When selecting people to serve on an advisory board, the board should have trust in the individual’s skill, their level of industry knowledge, and awareness of the company’s needs. It’s also important that they have an interest in the organization and are motivated to help it succeed. When making the choice about who should serve on an advisory board, boards should pass over candidates that are apt to give in to groupthink or only offer the advice that they believe will be received well by the board. They should be individual thinkers who also have enough time to do research before advisory board meetings and be able to deliver objective, accurate information.

Compensation for Advisory Board Members

In most cases, advisory board members are expected to serve without direct compensation. Advisory board members that get paid get lesser amounts than regular board directors. When advisory board members get compensation, it’s usually in the form of equity interest in the company or through a small, yearly stipend. Advisory board members for nonprofit organizations usually serve without compensation. Typically, boards will reimburse advisory board members for travel, lodging, or other expenses that they incur during the course of their duties.

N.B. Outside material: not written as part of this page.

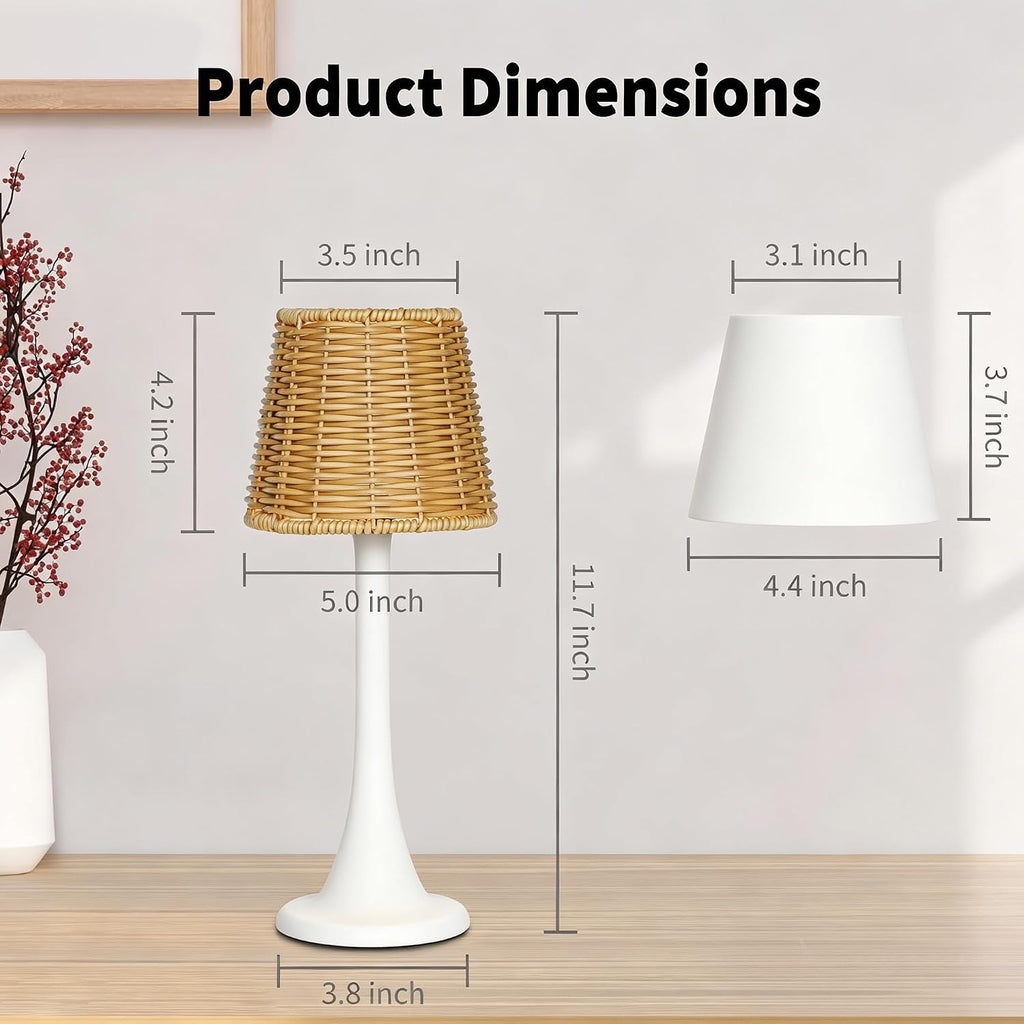 Mr. White Outdoor Waterproof Cordless Rechargeable Portable Touch Battery Operated Powered Table Lamp for Restaurant Kitchen Patio Dinner Dining (White)
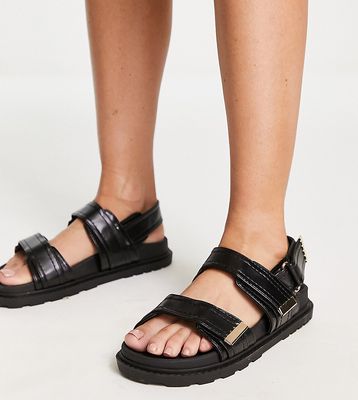 ASOS DESIGN Wide Fit Flume sporty flat sandals in black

Differences in Duties for Board Directors

The primary role of board members is to strategize for organizational success and future sustainability. Of additional importance is that boards have the responsibility to hire, monitor, and fire the CEO or executive director. Boards also have the power to make alterations in the executive management team.

As the primary organizational leaders, board directors must always make it a priority to put the interests of the organization first. Boards have all the power and authority for decision-making. They also have all the responsibility for the organization. Board directors can be sued collectively or individually for not giving due diligence to their responsibilities or for neglecting their responsibilities.

Forming an advisory board shouldn’t be considered a “one and done” activity. As organizations go through various stages and phases of development, they will have different needs. At least annually, boards should review the purpose of the advisory board and evaluate whether they still have the right individuals serving on their advisory boards so they can make adjustments accordingly. Forming an advisory board is just one way of many ways that boards can work toward fulfilling their duties responsibly.